• What you will do: The required output is the lines from the one with "ワコーレ神戸北野ザ・テラス　中古マンション" through the end of the data, repeated verbatim, with no pictures included.

[Records shown Boundary: Start]

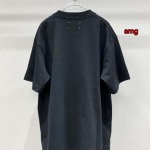 2024年早春高品質新品入荷Maison Margiela 半袖 Tシャツ amg 工場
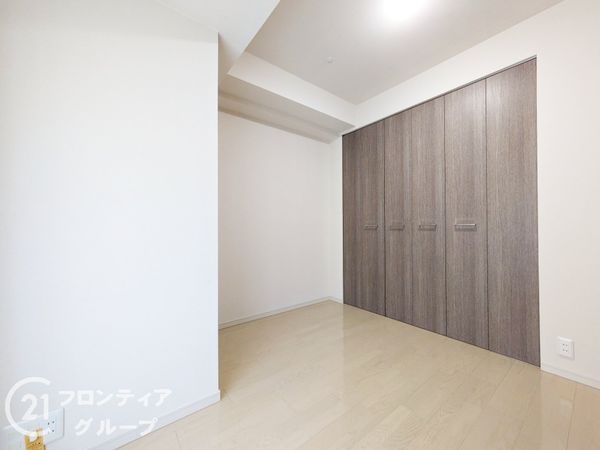 ワコーレ神戸北野ザ・テラス　中古マンション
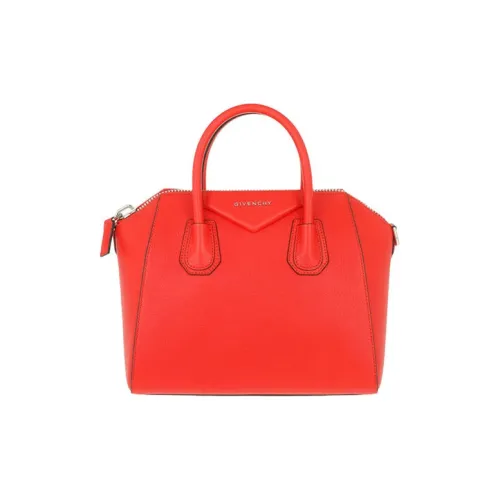 Givenchy Сумки Женские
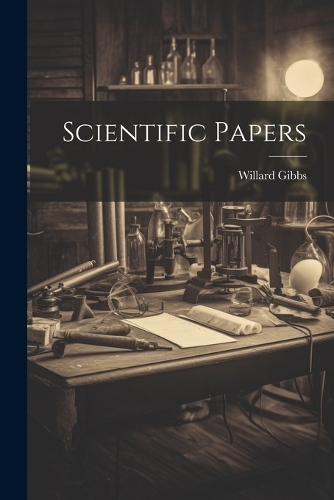 Scientific Papers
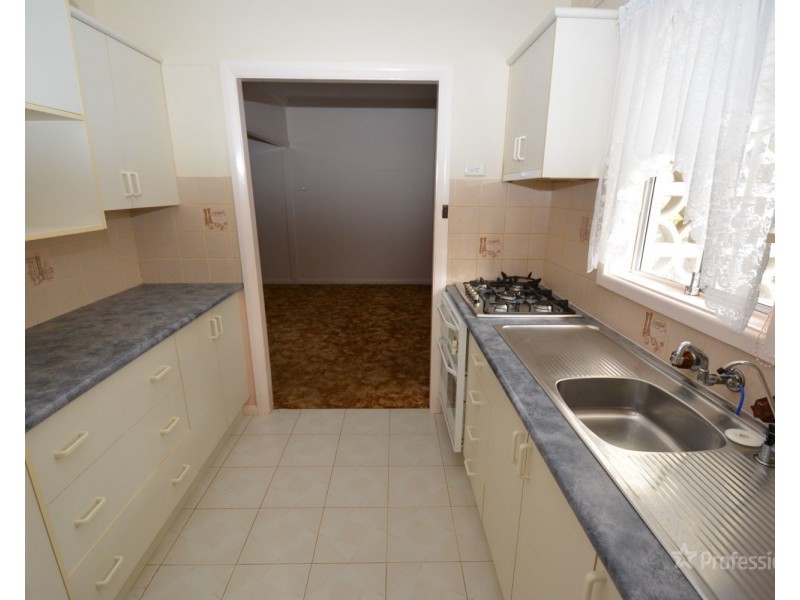14 Sandford Avenue, Lithgow NSW 2790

[Records shown Boundary: End]

• Response for this exercise:
 ワコーレ神戸北野ザ・テラス　中古マンション
 Givenchy Сумки Женские
 Scientific Papers
14 Sandford Avenue, Lithgow NSW 2790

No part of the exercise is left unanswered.